1.24 The Secretary of State's powers on an Appeal are the same as the LPA's powers when considering an application. Thus he or she must consider whether the planning obligation continues to serve a useful purpose and if not, must discharge it. If he or she decides that it does continue to serve a useful purpose he must consider whether any modifications suggested in the original application would serve that purpose equally well. If he or she decides, the Planning Inspector must modify the planning obligation accordingly.
1.25 Having due regard for Regulation 3 of the Town and Country Planning (Modification and Discharge of Planning Obligations) Regulations 1992 (Appendix 13), "G"'s assertion that there is no legislation requiring the application to made on an application form supplied by the LPA are entirely wrong and unlawful. The correct procedure is outlined in the Section 1.21 of this complaint. In no way does Section 106A of The Town and Country Planning Act 1990 state that by writing to the LPA constitutes the correct procedure.
1.26 In his letter dated 12th February 2003 to "R", Mr Webb asserts his belief that "G" actions were wrong and states advice given in Telling and Duxbury's Planning Law and Procedure 12th Edition and supplies him with the relevant page of that book. Mr Webb sent further letters to "R" as he failed to respond to Mr Webb's letter dated 12th February 2003, contrary to the Council's Development Control Charter, Section 5 that states, "If advice is sought by letter a response will be made within 10 working days." This is maladministration.
1.27 On the 7th April 2003, Mr Webb received the correct application forms and certificates as required by Regulation 3 of the Town and Country Planning (Modification and Discharge of Planning Obligations) Regulations 1992, from the LDS department. This further vindicates Mr Webb's assertion of this lawful requirement and "G"'s and "R"'s total lack of cooperation and vindictiveness towards Mr Webb as outlined in Section 1.26 of this complaint in their breach of national policy and guidance.

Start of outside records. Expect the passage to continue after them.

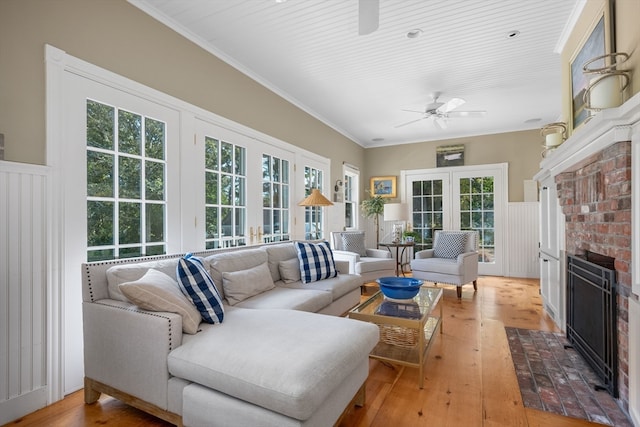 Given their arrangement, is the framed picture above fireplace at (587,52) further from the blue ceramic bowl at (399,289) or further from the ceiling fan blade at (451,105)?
the blue ceramic bowl at (399,289)

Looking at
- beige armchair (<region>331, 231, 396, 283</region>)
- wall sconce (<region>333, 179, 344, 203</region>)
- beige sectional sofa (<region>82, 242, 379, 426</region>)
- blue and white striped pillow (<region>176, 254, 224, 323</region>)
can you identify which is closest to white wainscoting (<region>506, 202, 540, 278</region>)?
beige armchair (<region>331, 231, 396, 283</region>)

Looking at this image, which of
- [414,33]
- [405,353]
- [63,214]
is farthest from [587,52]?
[63,214]

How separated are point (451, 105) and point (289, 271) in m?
2.66

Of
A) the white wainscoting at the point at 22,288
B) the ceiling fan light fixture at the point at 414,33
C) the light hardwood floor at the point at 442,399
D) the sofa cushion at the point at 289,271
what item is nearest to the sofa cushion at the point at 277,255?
the sofa cushion at the point at 289,271

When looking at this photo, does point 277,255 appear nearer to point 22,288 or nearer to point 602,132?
point 22,288

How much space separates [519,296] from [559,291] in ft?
4.80

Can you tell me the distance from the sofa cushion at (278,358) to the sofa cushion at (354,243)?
2932 millimetres

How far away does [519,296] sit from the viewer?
14.3 ft

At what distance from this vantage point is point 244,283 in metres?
2.49

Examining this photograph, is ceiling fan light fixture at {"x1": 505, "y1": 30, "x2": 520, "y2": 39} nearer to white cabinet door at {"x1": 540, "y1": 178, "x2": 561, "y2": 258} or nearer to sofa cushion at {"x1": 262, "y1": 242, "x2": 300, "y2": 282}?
white cabinet door at {"x1": 540, "y1": 178, "x2": 561, "y2": 258}

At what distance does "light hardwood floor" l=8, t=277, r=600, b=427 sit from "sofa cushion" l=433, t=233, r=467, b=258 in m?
1.70

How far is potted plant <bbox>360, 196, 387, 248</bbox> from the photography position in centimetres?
616

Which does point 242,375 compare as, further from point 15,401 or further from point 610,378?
point 610,378

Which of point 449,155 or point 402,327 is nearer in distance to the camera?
point 402,327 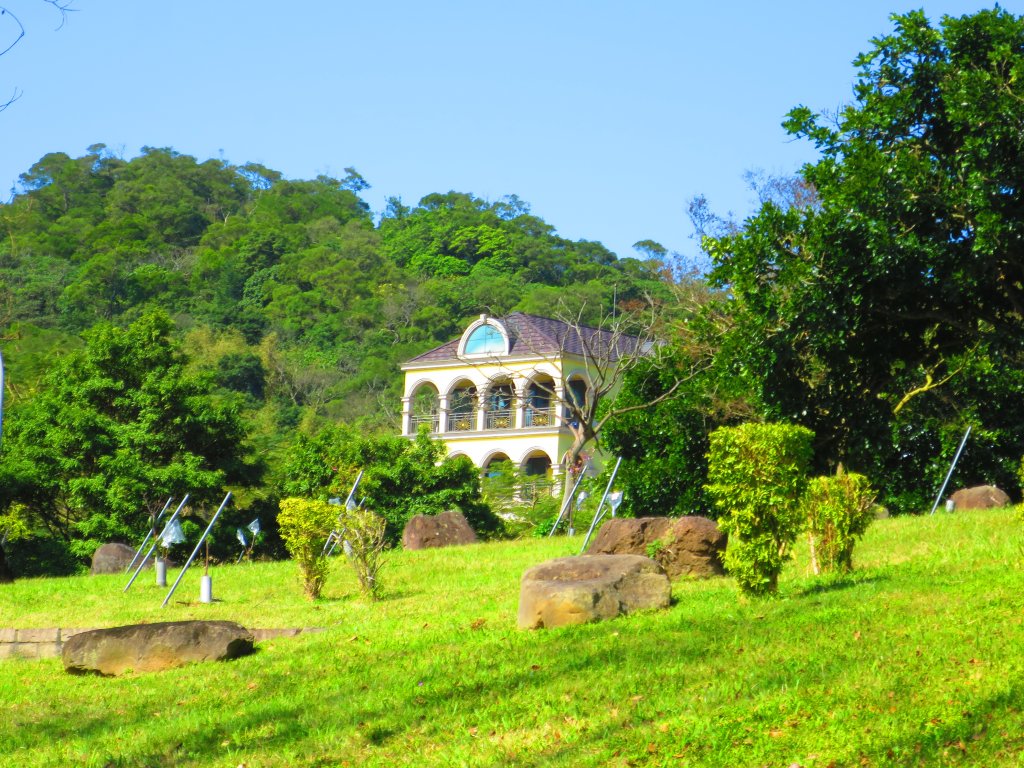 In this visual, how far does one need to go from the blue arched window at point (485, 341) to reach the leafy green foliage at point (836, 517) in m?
31.8

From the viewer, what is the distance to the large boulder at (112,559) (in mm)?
22453

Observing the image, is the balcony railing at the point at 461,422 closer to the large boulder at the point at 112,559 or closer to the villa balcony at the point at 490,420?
the villa balcony at the point at 490,420

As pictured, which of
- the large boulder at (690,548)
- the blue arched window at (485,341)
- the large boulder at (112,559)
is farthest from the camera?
the blue arched window at (485,341)

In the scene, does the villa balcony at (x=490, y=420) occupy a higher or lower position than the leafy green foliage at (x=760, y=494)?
higher

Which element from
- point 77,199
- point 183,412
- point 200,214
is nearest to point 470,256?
point 200,214

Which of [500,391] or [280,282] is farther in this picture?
[280,282]

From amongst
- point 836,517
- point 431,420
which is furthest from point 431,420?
point 836,517

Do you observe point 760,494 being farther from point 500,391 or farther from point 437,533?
point 500,391

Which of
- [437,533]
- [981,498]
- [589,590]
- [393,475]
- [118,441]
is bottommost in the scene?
[589,590]

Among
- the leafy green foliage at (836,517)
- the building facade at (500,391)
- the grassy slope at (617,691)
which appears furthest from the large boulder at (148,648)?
the building facade at (500,391)

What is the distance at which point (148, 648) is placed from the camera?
11297 millimetres

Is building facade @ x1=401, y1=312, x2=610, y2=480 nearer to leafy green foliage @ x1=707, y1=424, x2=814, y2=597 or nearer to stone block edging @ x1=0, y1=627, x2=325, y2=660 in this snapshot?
stone block edging @ x1=0, y1=627, x2=325, y2=660

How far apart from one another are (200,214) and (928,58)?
75.0 metres

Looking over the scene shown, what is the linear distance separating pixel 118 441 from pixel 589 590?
19.1m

1.28 In a letter dated 25th July 2003 from "R", signed by "W", he states that in view of the timescales involved and because of the non-contentionous nature of the application he suggested that I re-submit the application again. He also stated that the application would be "looked upon favourably" and "would likely be dealt within an 8 week period" and enclosed the relevant forms and certificates. Mr Webb's application was made on 3rd January 2003, even though he protested that this was not the correct procedure. In his letter dated 7th February 2003, "G" confirmed the acceptance of Mr Webb's application by declaring, "As your formal request for the discharge of the Section 106 Agreement has been made in writing the Council can began to process it", therefore under Section 106A of The Town and Country Planning Act 1990 the LPA have deemed to have accepted Mr Webb's application. The Secretary of State had also deemed such an application valid in the acceptance of the Appeal. So there would be no reason why Mr Webb should submit a second application.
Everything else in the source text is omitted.